Princeton Prof: Why it’s Dangerous to Overlook the Past

Annie Holmquist | October 12, 2016 | 1,718

Princeton Prof: Why it’s Dangerous to Overlook the Past

Not long ago, my colleague Daniel Lattier suggested that a new logical fallacy has been lurking around town. This fallacy, he wrote, could be labeled “ad nostalgiam.” A person commits this fallacy when she reflexively accuses someone of nostalgia for pointing out some particular thing was once better or superior.

Revered Princeton professor, theologian, and author, J. Gresham Machen would agree. Like us, Machen lived in a time of heightened political turmoil and social upheaval. Americans and much of the world wrestled with new ideas and heavy-handed leaders which materialized in the 1920s and 30s.

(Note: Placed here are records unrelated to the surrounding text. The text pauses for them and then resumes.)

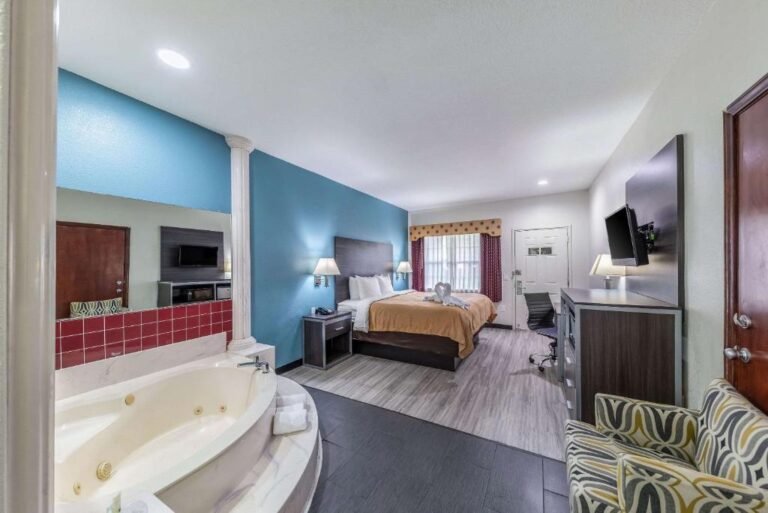 Quality Inn & Suites - room with hot tub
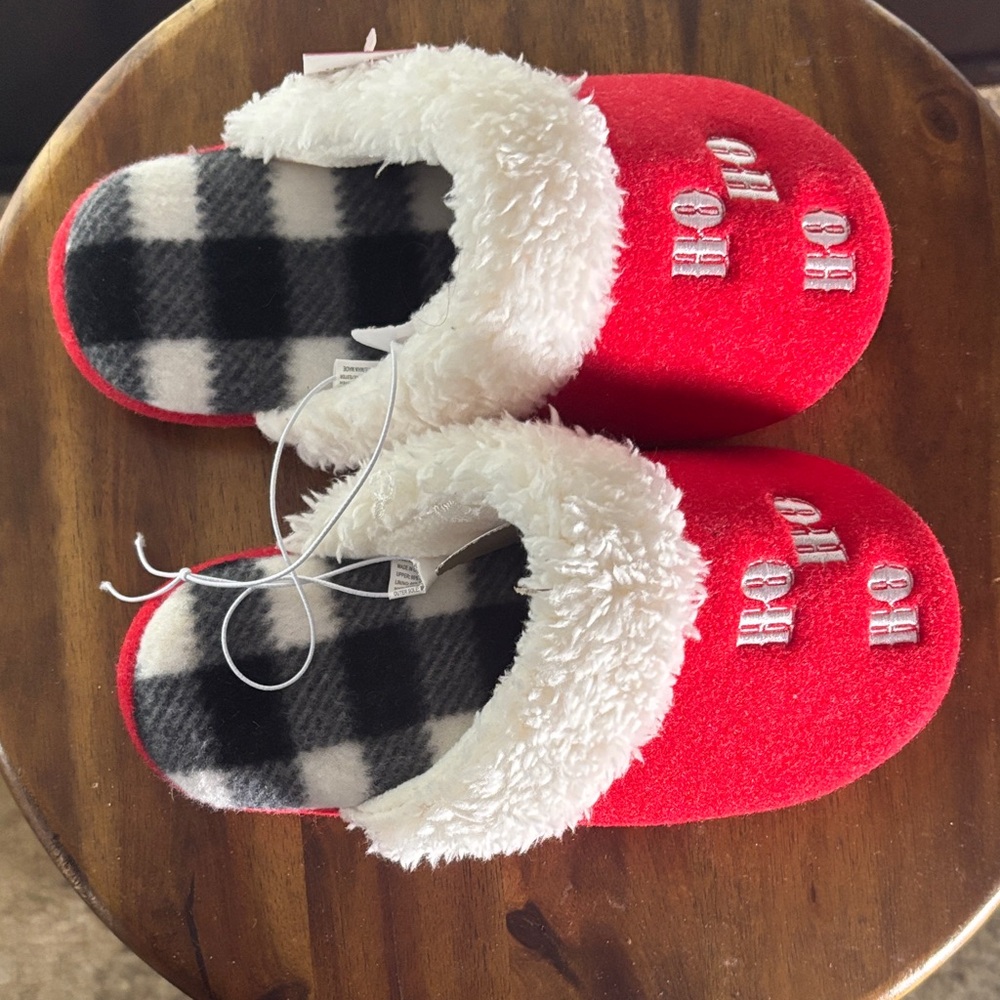 Cozy Red Kids Slippers with Plush Lining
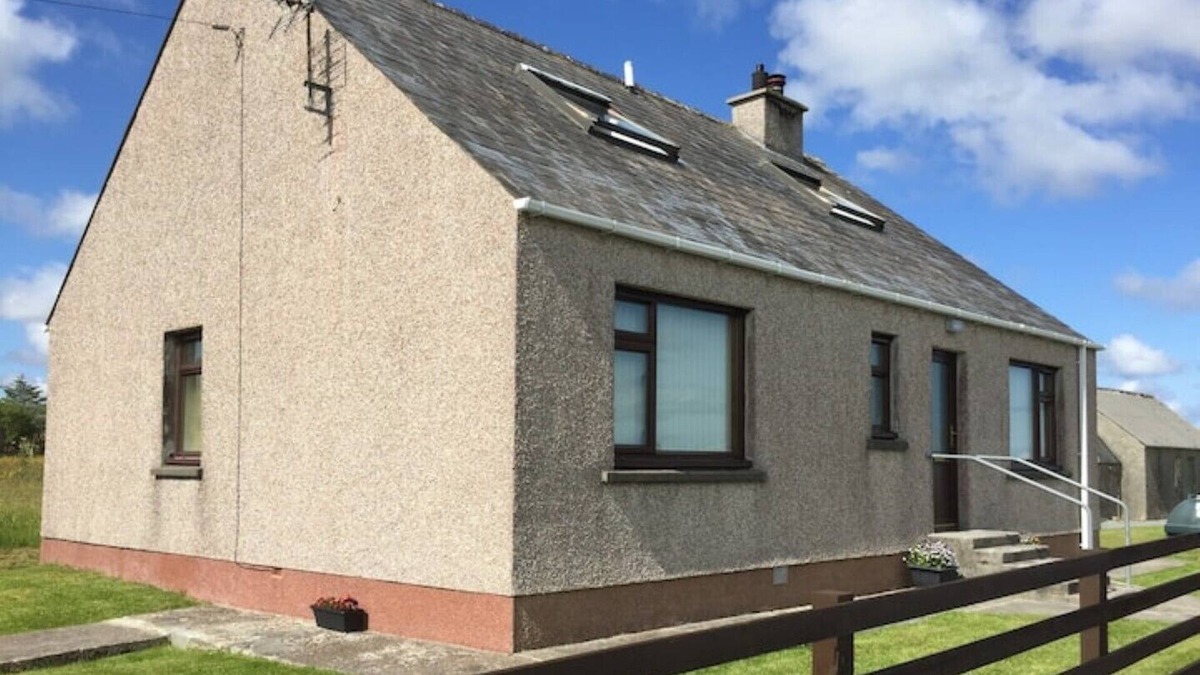 Back House | Self Catering house with lovely sea views, 44 Back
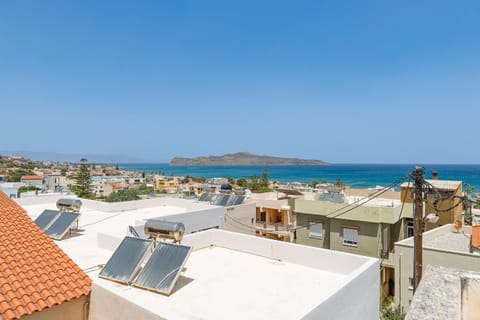 Property building, Nearby landmark, Day, Natural landscape, Balcony/Terrace, Beach, City view, Mountain view, Sea view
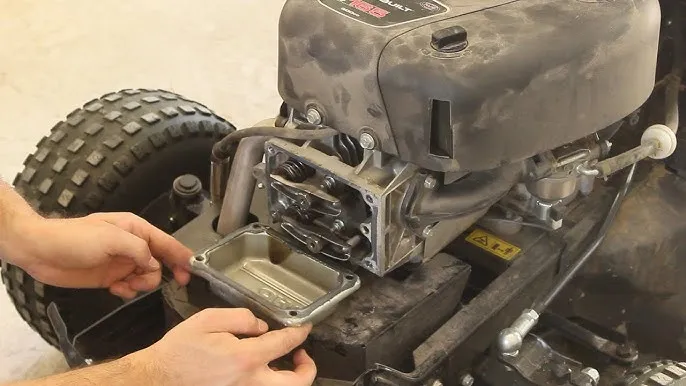 Zdjęcie Ile oleju do silnika Briggs&amp;Stratton 12hp? Sprawdź, aby uniknąć problemów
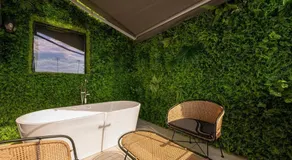 HOTEL D EDITION - Image 5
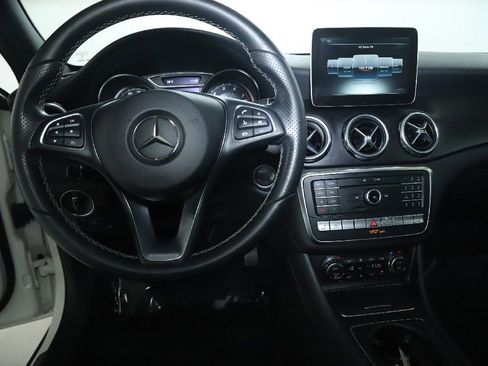 Used 2018 Mercedes-Benz GLA 250 4MATIC image 29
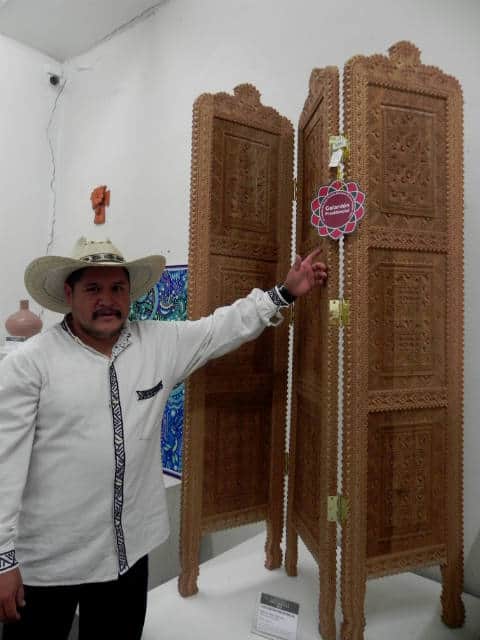 Alfonso Ponce Monroy talla en madera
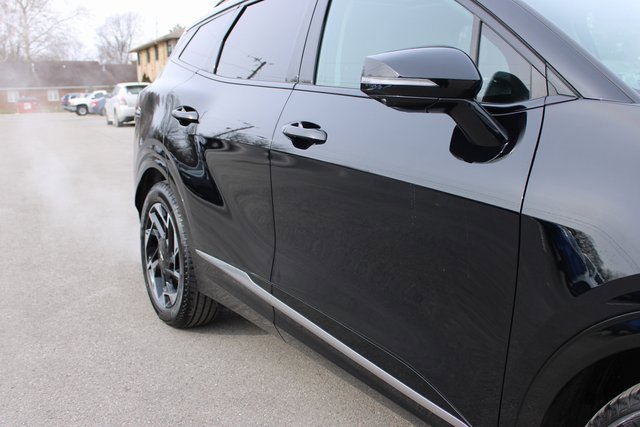 Used 2025 Kia Sportage SX image 52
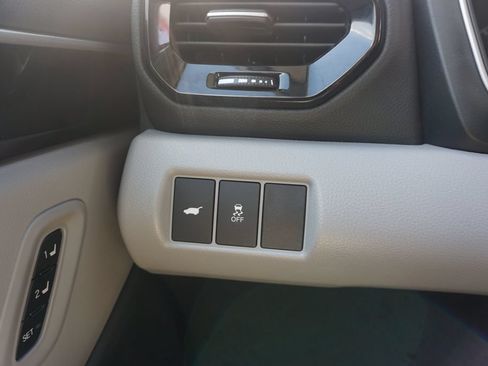 Used 2023 Honda Pilot Touring image 5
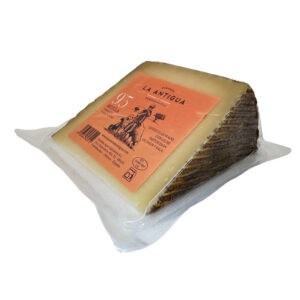 Geriebener Manchego-Käse aus Spanien, traditionelle Qualitätskäse von La Antigua, perfekt für Käseplatten, Pasta oder zum Genuss. Hergestellt in Spanien, erhältlich bei Mareni.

And just as today, Machen experienced the condemnation of others when he looked to the past for knowledge:   

“I know that there are people who tell us contemptuously that always there are croakers who look always to the past, croakers who think that the good old times are the best. But I for my part refuse to acquiesce in this relativism which refuses to take stock of the times in which we are living.”

Instead of caving to this criticism, Machen staunchly defended referencing the past in order to gain insight and future progress:

“It does seem to me that there can never be any true advance … unless a man does pause occasionally, as on some mountain vantage ground, to try, at least, to evaluate the age in which he is living. And when I do that, I cannot for the life of me see how any man with even the slightest knowledge of history can help recognizing the fact that we are living in a time of sad decadence….”

But as Machen went on to imply, those refusing to look at the past and make comparisons to the present are liable to be blinded by the popular political slogans of the day:

“When Mussolini makes war deliberately and openly upon democracy and freedom, and is much admired for doing so even in countries like ours; when an ignorant ruffian is dictator of Germany, until recently the most highly educated country in the world—when we contemplate these things I do not see how we can possibly help seeing that something is radically wrong. Just read the latest utterances of our own General Johnson, his cheap and vulgar abuse of a recent appointee of our President, the cheap tirades in which he develops his view that economics are bunk—and then compare that kind of thing with the state papers of a Jefferson or a Washington—and you will inevitably come to the conclusion that we are living in a time when decadence has set in on a gigantic scale.”

One could argue that the refusal in Machen’s day to look to the past and draw comparisons and lessons from it ushered in the travesties of the Second World War. Is our current tendency to do the same drawing us into a similar path?